Patchwork [rs6000] Add builtin support for power8 32-bit Altivec multiply insns

login
register
mail settings
Submitter Peter Bergner
Date Aug. 1, 2013, 6:21 p.m.
Message ID <1375381260.5336.12.camel@otta>
Download mbox | patch
Permalink /patch/264069/
State New
Headers show

Comments

Peter Bergner - Aug. 1, 2013, 6:21 p.m.
This patch adds builtin support for the new 32-bit Altivec multiply
instructions that were added in ISA 2.07 (ie, POWER8).

This passed bootstrap and regtesting with no errors.  Ok for mainline?

P.S. I will be working on a followup patch sometime later that will attempt
     to generate these new instructions automatically.

Peter


gcc/
	* config/rs6000/rs6000-c.c (altivec_overloaded_builtins): Add support
	for new poweer8 P8V_BUILTIN_VEC_VMULESW builtin.
	(P8V_BUILTIN_VEC_VMULEUW): Likewise.
	(P8V_BUILTIN_VEC_VMULOSW): Likewise.
	(P8V_BUILTIN_VEC_VMULOUW): Likewise.
	(P8V_BUILTIN_VEC_VMULUWM): Likewise.
	* config/rs6000/rs6000-builtin.def (vmulesw): Add support for new
	power8 builtin.
	(vmuleuw): Likewise.
	(vmulosw): Likewise.
	(vmulouw): Likewise.
	(vmuluwm): Likewise.
	* config/rs6000/altivec.md (UNSPEC_VMULEUW): New unspec enum value.
	(UNSPEC_VMULESW): Likewise.
	(UNSPEC_VMULOUW): Likewise.
	(UNSPEC_VMULOSW): Likewise.
	(UNSPEC_VMULUWM): Likewise.
	(vec_widen_umult_even_v4si): New define_insn.
	(vec_widen_smult_even_v4si): Likewise.
	(vec_widen_umult_odd_v4si): Likewise.
	(vec_widen_smult_odd_v4si): Likewise.
	(altivec_vmuluwm): Likewise.
	* config/rs6000/altivec.h (vec_vmulesw): Add define to export power8
        builtin function.
	(vec_vmuleuw): Likewise.
	(vec_vmulosw): Likewise.
	(vec_vmulouw): Likewise.
	(vec_vmuluwm): Likewise.

gcc/testsuite/
	* gcc.target/powerpc/p8vector-builtin-8.c: New.
David Edelsohn - Aug. 2, 2013, 9:13 p.m.
On Thu, Aug 1, 2013 at 2:21 PM, Peter Bergner <bergner@vnet.ibm.com> wrote:
> This patch adds builtin support for the new 32-bit Altivec multiply
> instructions that were added in ISA 2.07 (ie, POWER8).
>
> This passed bootstrap and regtesting with no errors.  Ok for mainline?

Peter,

The builtins and patterns seem to be in a random order.
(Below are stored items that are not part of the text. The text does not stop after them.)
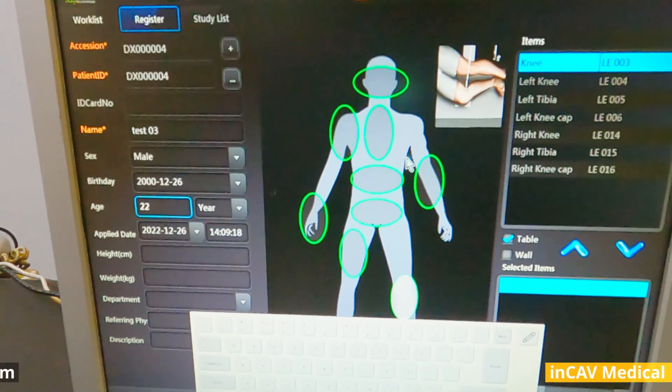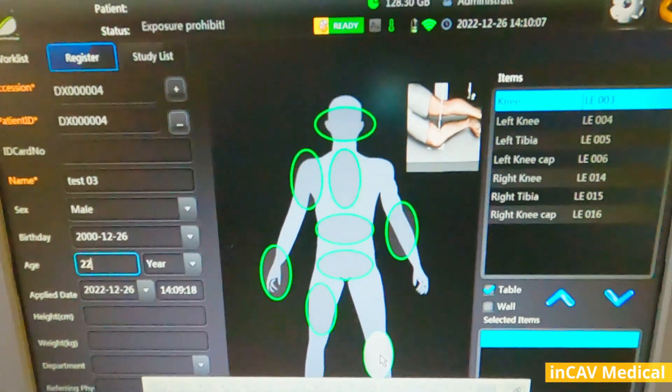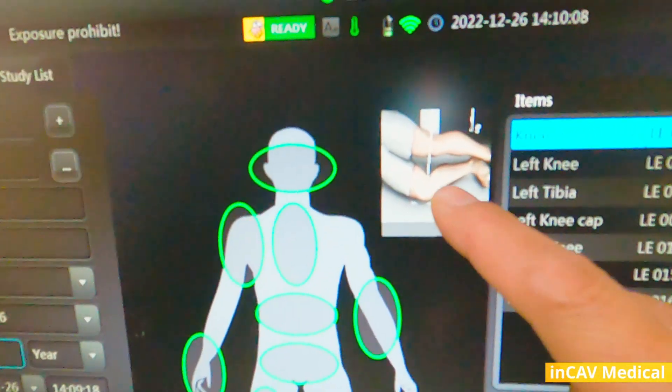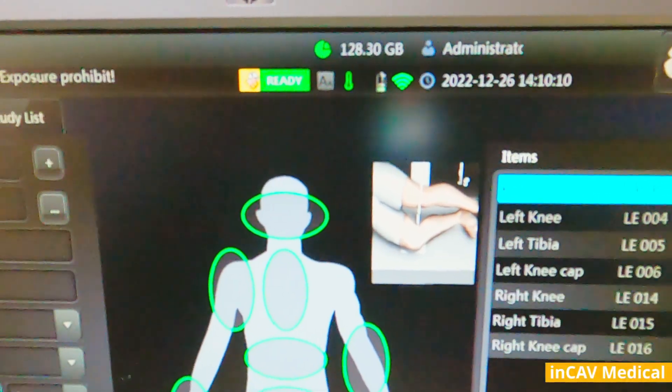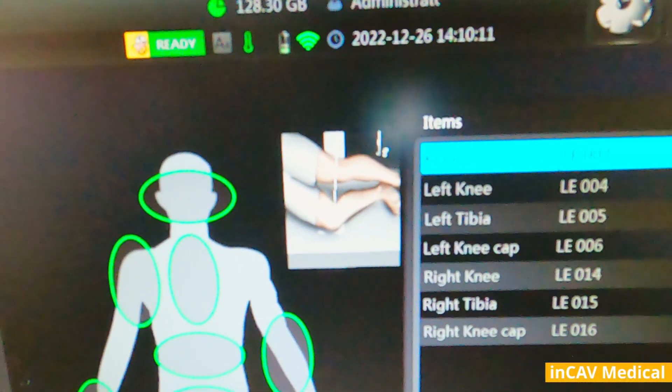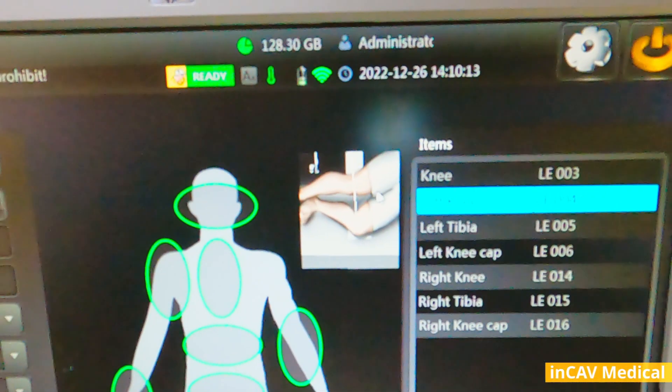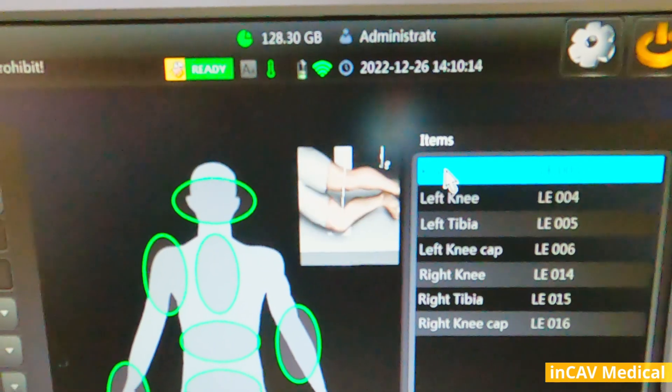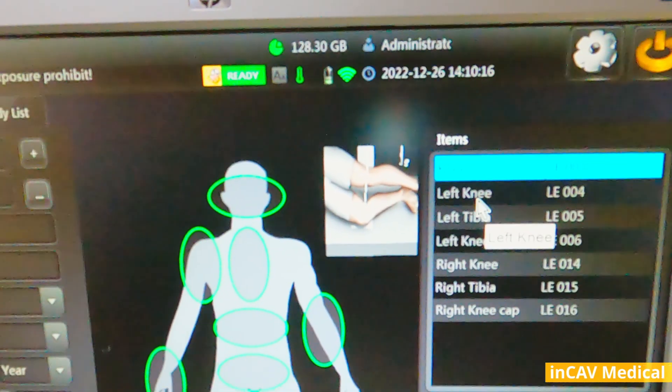Notice that when you click on different areas, it shows a picture indicating how to position the patient. This is very helpful for any X-ray tech to avoid mistakes, also for training.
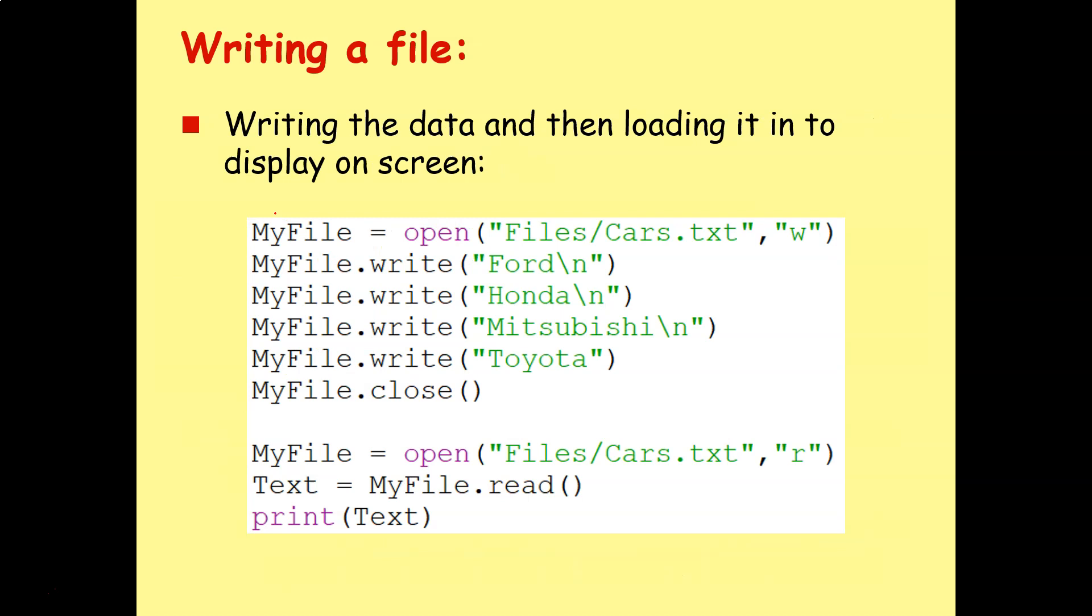So one of the issues students sometimes have is once they've written their program, they run it and nothing happens. Because you're not displaying anything on screen, you're writing everything to a text file. So you have to go into, in this case, the files folder and then open the cars.txt file to actually see the contents.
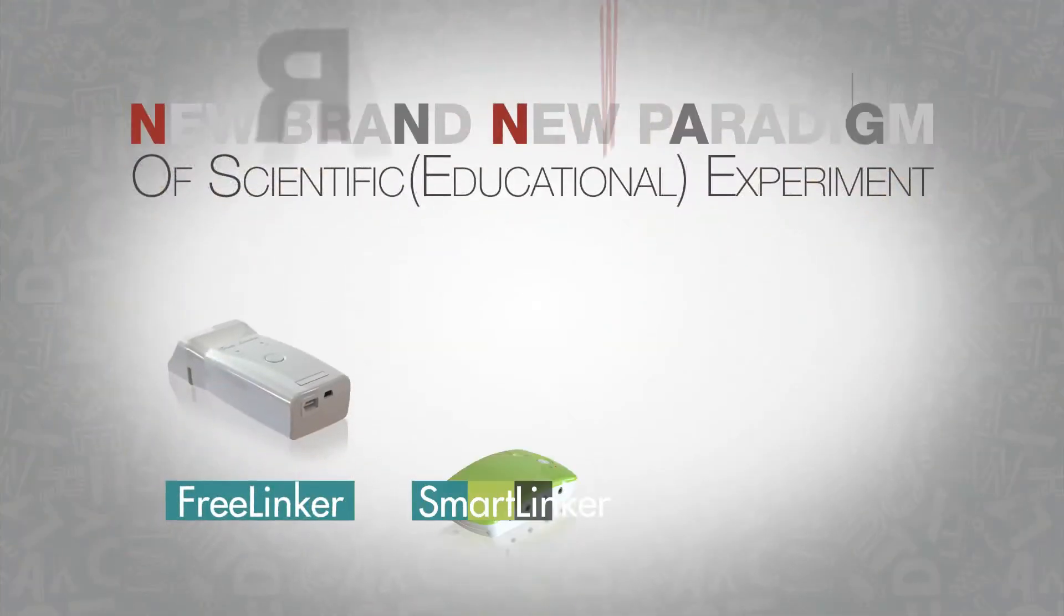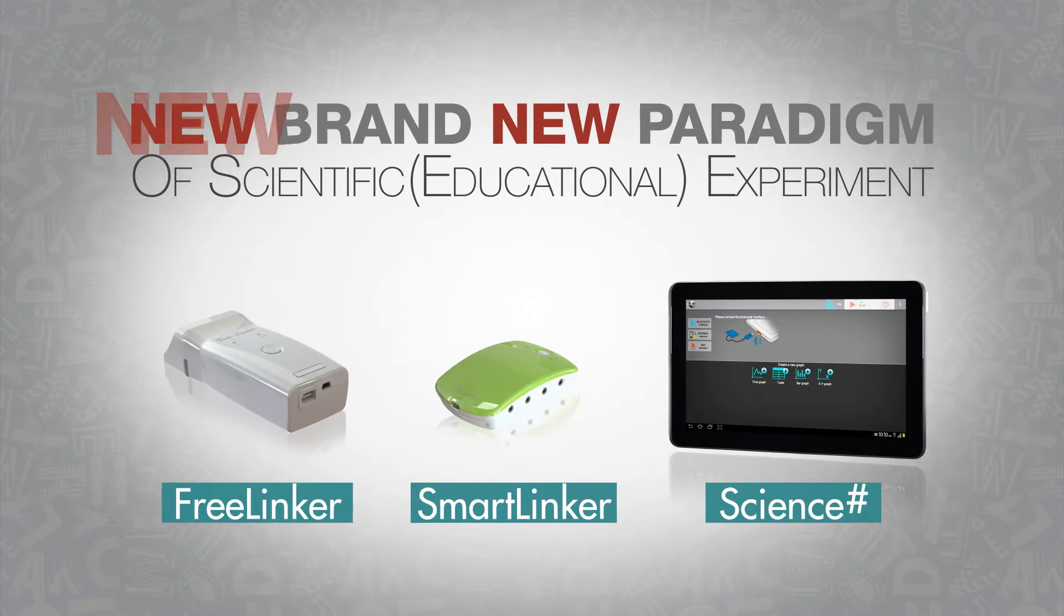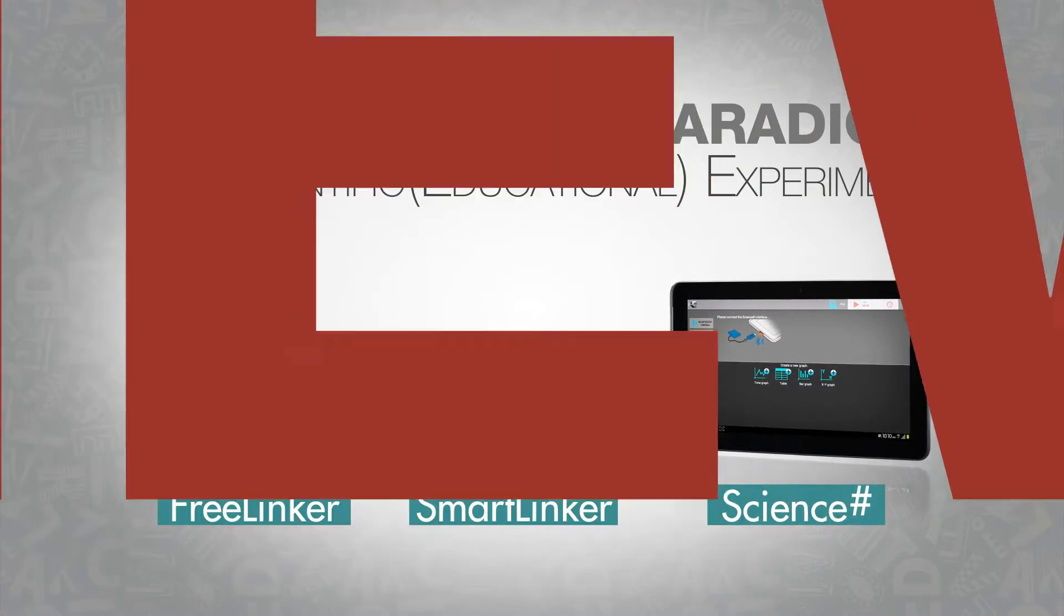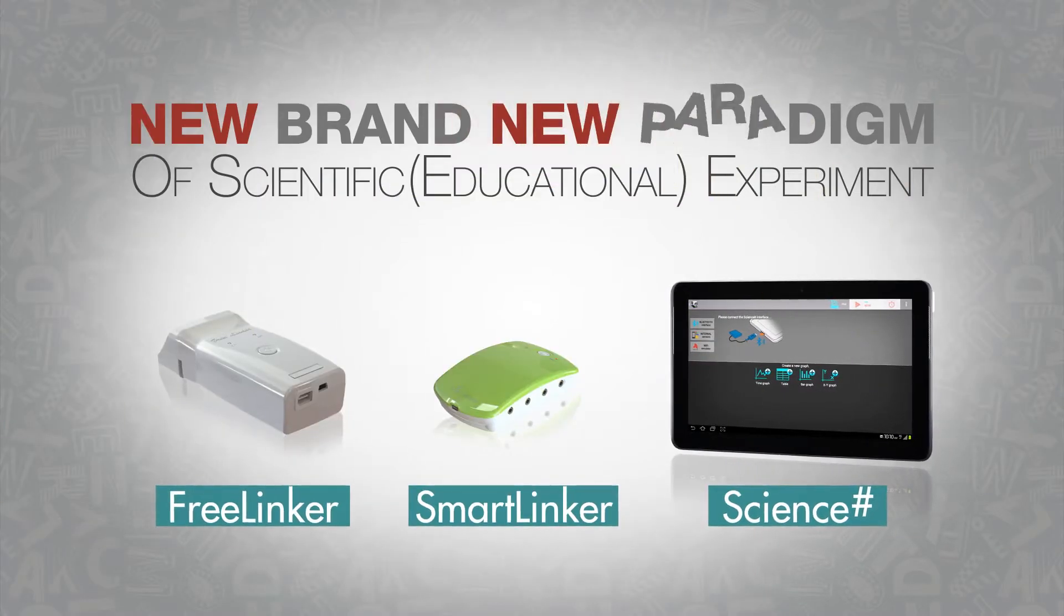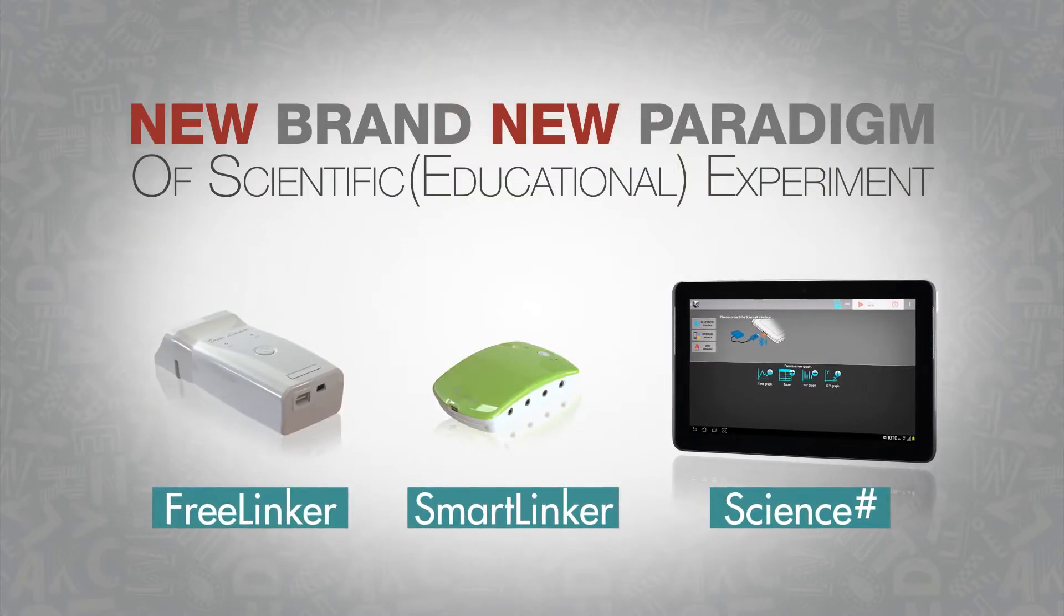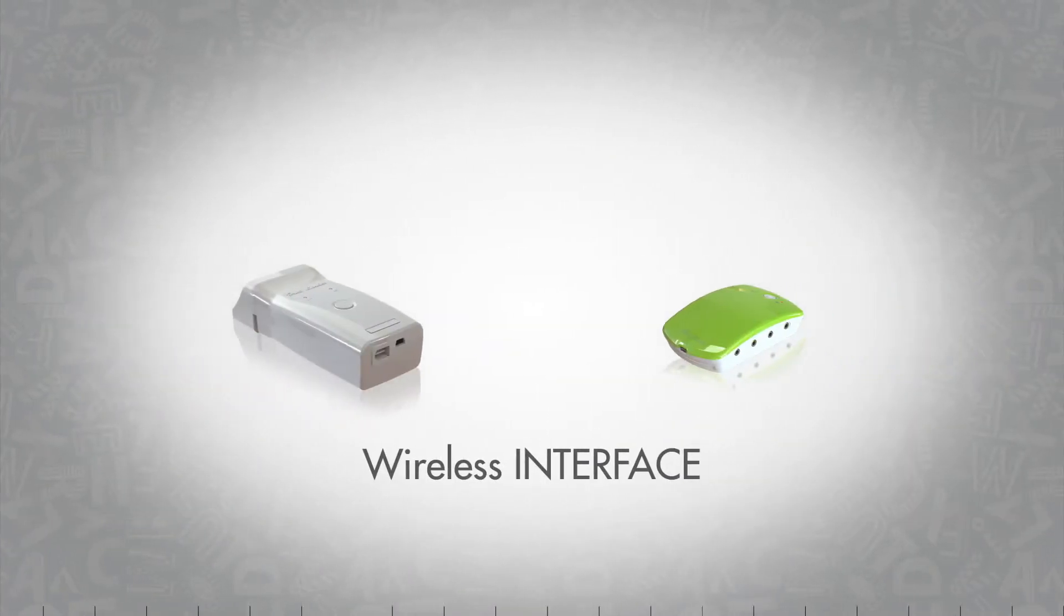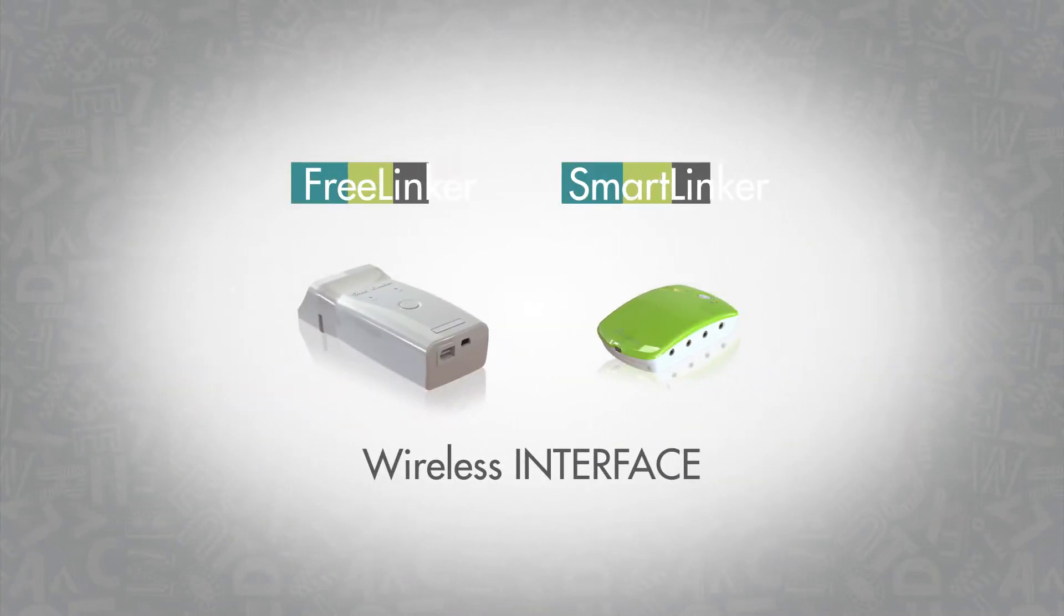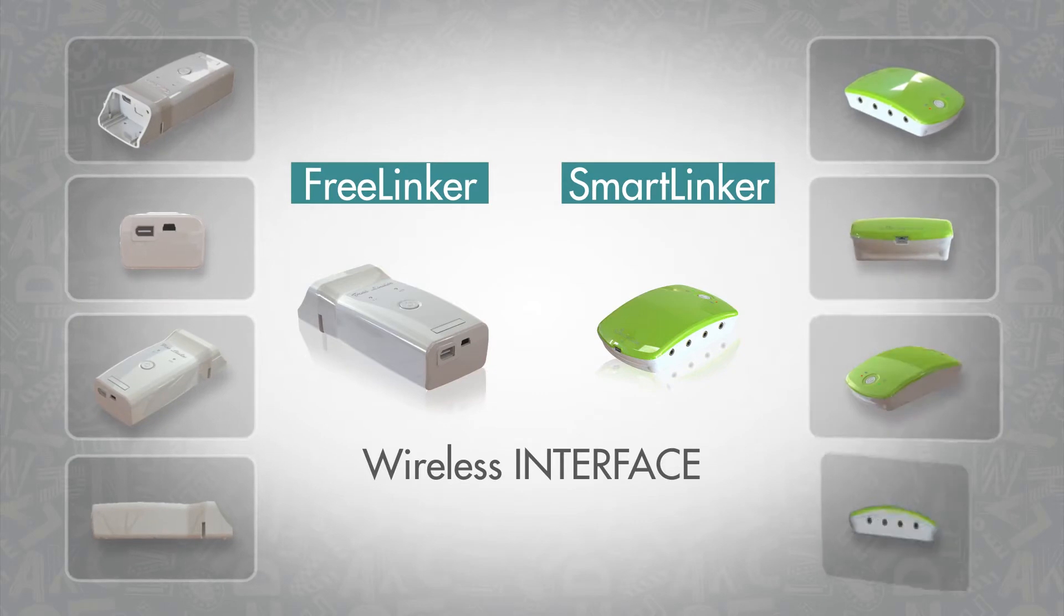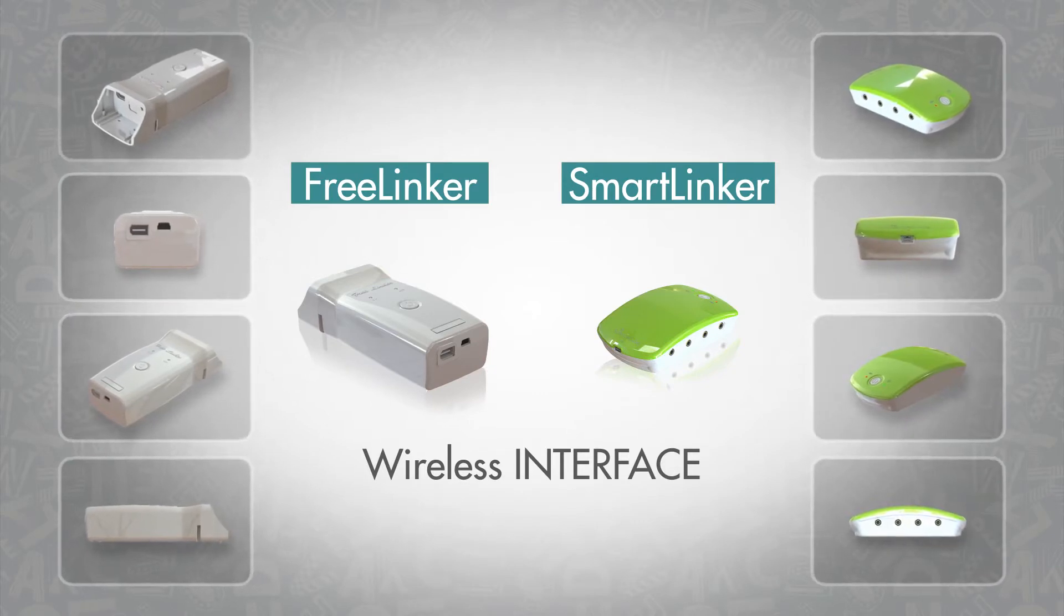Accordingly, Korea Digital introduces more powerful Free Linker, Smart Linker, and Science Sharp as a new paradigm of science experimental education. The wireless interface is divided into Free Linker for MBL sensor and Smart Linker for SMBL sensor.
Sometimes
signed is first and sometimes unsigned is first.  Please make the
ordering of the names consistent.

If these operations are multiplies, why are they described as UNSPEC
instead of MULT with SELECT?

Thanks, David
Peter Bergner - Aug. 2, 2013, 9:31 p.m.
On Fri, 2013-08-02 at 17:13 -0400, David Edelsohn wrote:
> The builtins and patterns seem to be in a random order. Sometimes
> signed is first and sometimes unsigned is first.  Please make the
> ordering of the names consistent.

Ok, I can clean that up.


> If these operations are multiplies, why are they described as UNSPEC
> instead of MULT with SELECT?

That's a good question.  I was just following how the vmul[eo][su][bh]
define_insns are defined and assumed they were that way for a reason.
Looking at the history of altivec.md, they seem to have been that
way since day 1 when Aldy created the file.

Peter
Michael Meissner - Aug. 2, 2013, 10:06 p.m.
On Fri, Aug 02, 2013 at 04:31:37PM -0500, Peter Bergner wrote:
> On Fri, 2013-08-02 at 17:13 -0400, David Edelsohn wrote:
> > The builtins and patterns seem to be in a random order. Sometimes
> > signed is first and sometimes unsigned is first.  Please make the
> > ordering of the names consistent.
> 
> Ok, I can clean that up.
> 
> 
> > If these operations are multiplies, why are they described as UNSPEC
> > instead of MULT with SELECT?
> 
> That's a good question.  I was just following how the vmul[eo][su][bh]
> define_insns are defined and assumed they were that way for a reason.
> Looking at the history of altivec.md, they seem to have been that
> way since day 1 when Aldy created the file.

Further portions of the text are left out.